* **WHAT NEEDS TO BE DONE**:
Give back an exact copy of the lines below, from the first through the line with "2023 Women's Burton"; please stop there.

╭─ EXERCISE DATA

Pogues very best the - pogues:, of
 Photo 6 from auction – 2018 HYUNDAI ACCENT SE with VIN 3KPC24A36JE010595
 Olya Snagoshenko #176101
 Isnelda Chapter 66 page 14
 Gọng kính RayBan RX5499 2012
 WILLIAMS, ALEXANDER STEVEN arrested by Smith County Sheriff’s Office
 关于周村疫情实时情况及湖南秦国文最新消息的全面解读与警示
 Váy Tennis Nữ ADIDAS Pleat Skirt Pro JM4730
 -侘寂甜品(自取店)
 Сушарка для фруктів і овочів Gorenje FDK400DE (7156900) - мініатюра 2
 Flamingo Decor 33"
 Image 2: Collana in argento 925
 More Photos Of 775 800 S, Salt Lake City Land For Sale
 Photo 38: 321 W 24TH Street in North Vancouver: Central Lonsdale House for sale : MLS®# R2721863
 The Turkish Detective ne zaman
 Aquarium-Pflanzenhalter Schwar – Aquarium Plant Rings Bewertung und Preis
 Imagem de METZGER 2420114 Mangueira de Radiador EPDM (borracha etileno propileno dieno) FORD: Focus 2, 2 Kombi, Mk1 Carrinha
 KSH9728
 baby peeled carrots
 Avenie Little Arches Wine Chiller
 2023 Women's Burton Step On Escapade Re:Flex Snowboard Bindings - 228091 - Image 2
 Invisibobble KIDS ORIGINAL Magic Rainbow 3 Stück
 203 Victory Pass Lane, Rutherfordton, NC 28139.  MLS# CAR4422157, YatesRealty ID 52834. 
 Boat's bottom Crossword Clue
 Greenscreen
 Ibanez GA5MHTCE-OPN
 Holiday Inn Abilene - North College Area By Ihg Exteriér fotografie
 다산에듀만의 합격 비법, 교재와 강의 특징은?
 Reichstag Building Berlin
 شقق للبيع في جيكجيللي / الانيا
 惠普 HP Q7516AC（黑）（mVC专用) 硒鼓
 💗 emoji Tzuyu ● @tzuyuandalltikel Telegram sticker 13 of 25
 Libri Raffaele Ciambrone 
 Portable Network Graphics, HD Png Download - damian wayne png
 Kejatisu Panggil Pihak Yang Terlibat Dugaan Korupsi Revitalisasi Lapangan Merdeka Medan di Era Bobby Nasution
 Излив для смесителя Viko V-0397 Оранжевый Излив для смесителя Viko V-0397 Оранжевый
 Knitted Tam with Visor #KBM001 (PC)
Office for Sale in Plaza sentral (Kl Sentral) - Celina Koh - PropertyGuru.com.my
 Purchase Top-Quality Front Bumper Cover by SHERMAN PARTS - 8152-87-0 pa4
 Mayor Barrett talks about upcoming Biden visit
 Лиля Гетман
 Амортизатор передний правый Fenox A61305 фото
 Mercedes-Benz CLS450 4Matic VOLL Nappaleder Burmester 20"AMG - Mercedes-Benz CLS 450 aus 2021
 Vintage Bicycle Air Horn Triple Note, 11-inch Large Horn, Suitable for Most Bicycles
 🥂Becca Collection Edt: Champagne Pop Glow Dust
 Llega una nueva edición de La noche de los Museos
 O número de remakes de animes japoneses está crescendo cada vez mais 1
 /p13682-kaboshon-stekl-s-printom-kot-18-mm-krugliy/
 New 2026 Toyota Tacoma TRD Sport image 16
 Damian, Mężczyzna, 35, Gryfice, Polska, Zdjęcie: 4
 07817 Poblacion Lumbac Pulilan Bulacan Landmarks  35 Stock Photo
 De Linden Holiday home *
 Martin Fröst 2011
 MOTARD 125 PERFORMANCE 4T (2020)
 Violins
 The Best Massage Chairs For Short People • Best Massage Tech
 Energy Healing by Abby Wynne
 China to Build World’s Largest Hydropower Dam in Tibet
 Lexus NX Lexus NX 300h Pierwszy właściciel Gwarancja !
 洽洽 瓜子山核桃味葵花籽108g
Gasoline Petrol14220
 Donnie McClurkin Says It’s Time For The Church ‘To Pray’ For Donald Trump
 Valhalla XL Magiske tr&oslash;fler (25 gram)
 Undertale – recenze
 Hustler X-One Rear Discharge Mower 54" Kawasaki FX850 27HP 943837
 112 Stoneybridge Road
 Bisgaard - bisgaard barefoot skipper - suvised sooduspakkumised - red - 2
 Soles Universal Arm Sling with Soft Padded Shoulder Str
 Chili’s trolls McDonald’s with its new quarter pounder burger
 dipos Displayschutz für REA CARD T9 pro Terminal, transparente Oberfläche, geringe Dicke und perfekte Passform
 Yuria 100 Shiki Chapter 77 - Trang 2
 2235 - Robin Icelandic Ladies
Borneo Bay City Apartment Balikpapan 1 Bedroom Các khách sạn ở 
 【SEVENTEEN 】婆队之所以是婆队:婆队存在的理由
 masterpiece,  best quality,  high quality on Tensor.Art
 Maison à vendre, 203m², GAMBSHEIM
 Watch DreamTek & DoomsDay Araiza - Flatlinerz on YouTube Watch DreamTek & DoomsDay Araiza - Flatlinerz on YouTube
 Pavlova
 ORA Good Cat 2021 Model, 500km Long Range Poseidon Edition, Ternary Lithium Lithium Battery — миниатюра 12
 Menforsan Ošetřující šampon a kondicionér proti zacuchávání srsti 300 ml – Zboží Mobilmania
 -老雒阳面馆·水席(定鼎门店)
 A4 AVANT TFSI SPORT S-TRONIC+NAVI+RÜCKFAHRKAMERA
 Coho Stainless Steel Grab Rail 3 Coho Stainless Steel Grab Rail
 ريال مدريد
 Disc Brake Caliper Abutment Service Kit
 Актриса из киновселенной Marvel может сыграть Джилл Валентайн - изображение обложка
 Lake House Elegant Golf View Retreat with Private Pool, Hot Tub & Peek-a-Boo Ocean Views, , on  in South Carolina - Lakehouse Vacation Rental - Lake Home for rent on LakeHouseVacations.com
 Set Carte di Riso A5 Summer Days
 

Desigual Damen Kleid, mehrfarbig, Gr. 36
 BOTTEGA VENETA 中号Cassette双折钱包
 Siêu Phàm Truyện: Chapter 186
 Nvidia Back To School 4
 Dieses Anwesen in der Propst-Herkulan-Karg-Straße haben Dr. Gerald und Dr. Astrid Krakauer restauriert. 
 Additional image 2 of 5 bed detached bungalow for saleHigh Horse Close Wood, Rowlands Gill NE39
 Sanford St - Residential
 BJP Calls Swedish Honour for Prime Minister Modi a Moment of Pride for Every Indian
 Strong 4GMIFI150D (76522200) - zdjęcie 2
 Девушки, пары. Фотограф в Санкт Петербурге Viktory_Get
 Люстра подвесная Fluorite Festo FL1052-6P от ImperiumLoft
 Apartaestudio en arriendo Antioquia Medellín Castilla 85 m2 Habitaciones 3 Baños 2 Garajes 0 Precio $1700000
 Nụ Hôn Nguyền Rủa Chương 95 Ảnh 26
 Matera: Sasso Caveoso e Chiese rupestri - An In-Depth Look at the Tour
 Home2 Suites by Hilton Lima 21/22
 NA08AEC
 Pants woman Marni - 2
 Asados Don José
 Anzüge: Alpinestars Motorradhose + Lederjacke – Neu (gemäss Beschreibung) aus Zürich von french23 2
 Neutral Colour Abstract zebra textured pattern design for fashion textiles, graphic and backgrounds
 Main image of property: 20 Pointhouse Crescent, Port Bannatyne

╰─

* **SOLUTION FOR THIS TASK**:
Pogues very best the - pogues:, of
 Photo 6 from auction – 2018 HYUNDAI ACCENT SE with VIN 3KPC24A36JE010595
 Olya Snagoshenko #176101
 Isnelda Chapter 66 page 14
 Gọng kính RayBan RX5499 2012
 WILLIAMS, ALEXANDER STEVEN arrested by Smith County Sheriff’s Office
 关于周村疫情实时情况及湖南秦国文最新消息的全面解读与警示
 Váy Tennis Nữ ADIDAS Pleat Skirt Pro JM4730
 -侘寂甜品(自取店)
 Сушарка для фруктів і овочів Gorenje FDK400DE (7156900) - мініатюра 2
 Flamingo Decor 33"
 Image 2: Collana in argento 925
 More Photos Of 775 800 S, Salt Lake City Land For Sale
 Photo 38: 321 W 24TH Street in North Vancouver: Central Lonsdale House for sale : MLS®# R2721863
 The Turkish Detective ne zaman
 Aquarium-Pflanzenhalter Schwar – Aquarium Plant Rings Bewertung und Preis
 Imagem de METZGER 2420114 Mangueira de Radiador EPDM (borracha etileno propileno dieno) FORD: Focus 2, 2 Kombi, Mk1 Carrinha
 KSH9728
 baby peeled carrots
 Avenie Little Arches Wine Chiller
 2023 Women's Burton Step On Escapade Re:Flex Snowboard Bindings - 228091 - Image 2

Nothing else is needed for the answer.